Abstract: when using matplotlib to draw a line chart with horizontal axis as date format, there are many skills. This paper introduces the method of drawing daily line chart with the help of stock data returned by Tushare package.
Review:
Analysis of Python data processing (1): date data processing
The data source drawn by the line chart uses the Tushare package to obtain the basic data table of listed companies in the following format:
1import pandas as pd
2data = pd.read ('get_stock_basics.csv',encoding =' utf8')
3print (data.head ())
four
5ts_code symbol name list_status list_date is_hs
6000001.SZ 1 Ping an Bank L 19910403 S
7000002.SZ 2 Vanke A L 19910129 S
8000004.SZ 4 National Agricultural Science and Technology L 19910114 N
9000005.SZ 5th Century Star Source L 19901210 N
Then use resample and to.period methods to summarize the number of listed companies in each year, in the format of Pandas.Series array.
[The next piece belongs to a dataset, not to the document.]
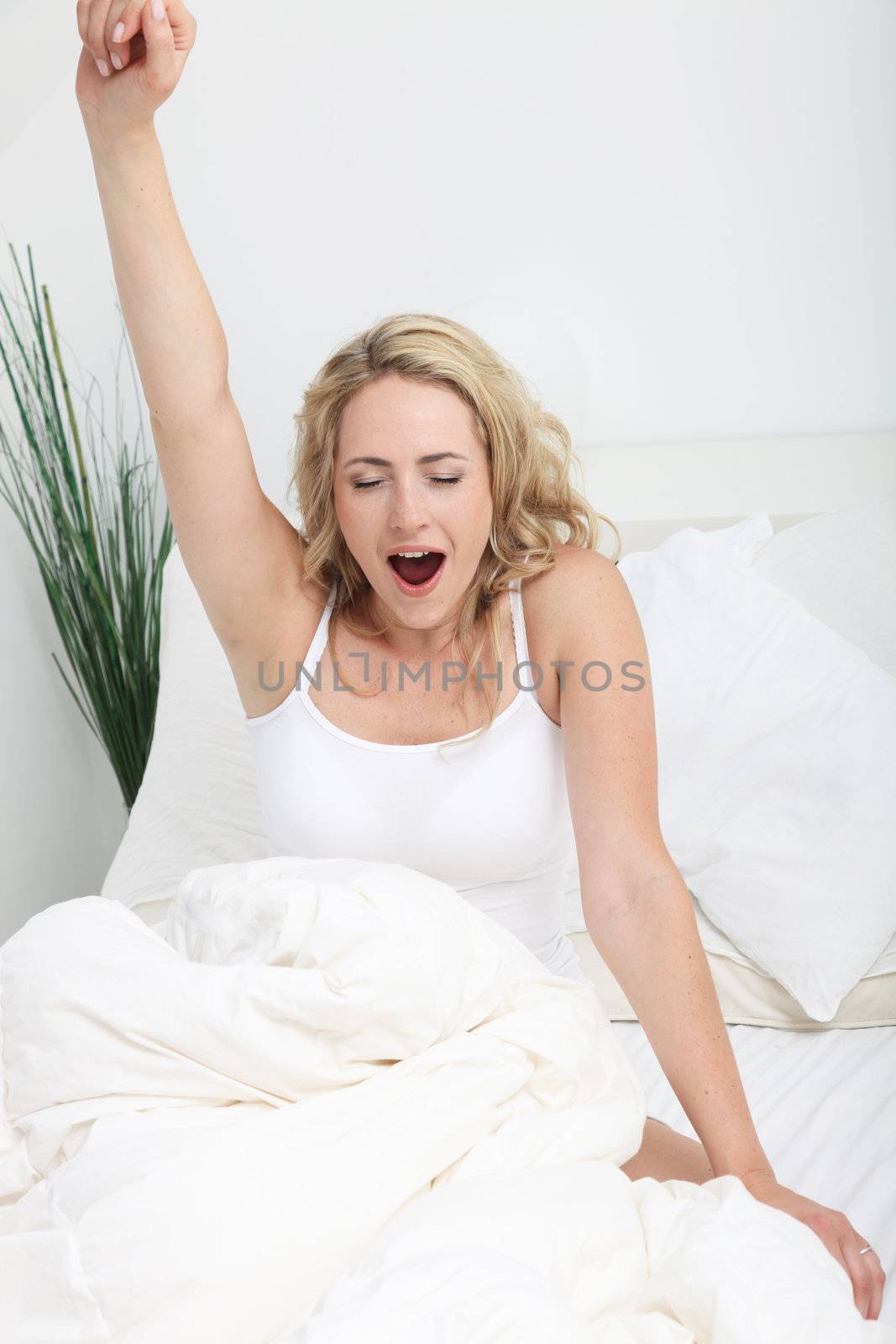 Young woman stretching and yawning in bed as she prepares to get up to start her day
"summarize the number of listed companies in each year
2data = data.set_index (['list_date'])
3data = data.resample ('AS'). Count () [' ts_code']
4data = data.to_period ('A')
5print (data.head ())
6print (data.tail ())
The results are as follows:
8list_date
91990 7
101991 4
111992 37
121993 106
131994 99
14...
15list_date
162014 124
172015 223
182016 227
192017 438
202018 78
1. Series draws line chart directly
First, we can draw a line chart directly using pandas's array Series:
1import matplotlib.pyplot as plt
2plt.style.use ('ggplot') # sets the drawing style
3fig = plt.figure (figsize = (102.6)) # set the size of the border
4ax1 = fig.add_subplot (1pm 1pm 1)
5data.plot () # draw line chart
six
Setting title and horizontal and vertical axis title
8colors1 ='# 6D6D6D' # set the title color to gray
9plt.title ('changes in the number of listed companies in mainland China over the years', color = colors1,fontsize = 18)
10plt.xlabel ('year')
11plt.ylabel ('quantity (home)')
12plt.show ()
It can be found that there are two problems in the figure: one is the lack of numerical labels, and the other is that the Abscissa years are automatically segmented. We want to be able to add a numerical label, and then the axis shows the annual value of each year. Next, you need to use a new method to redraw the line chart.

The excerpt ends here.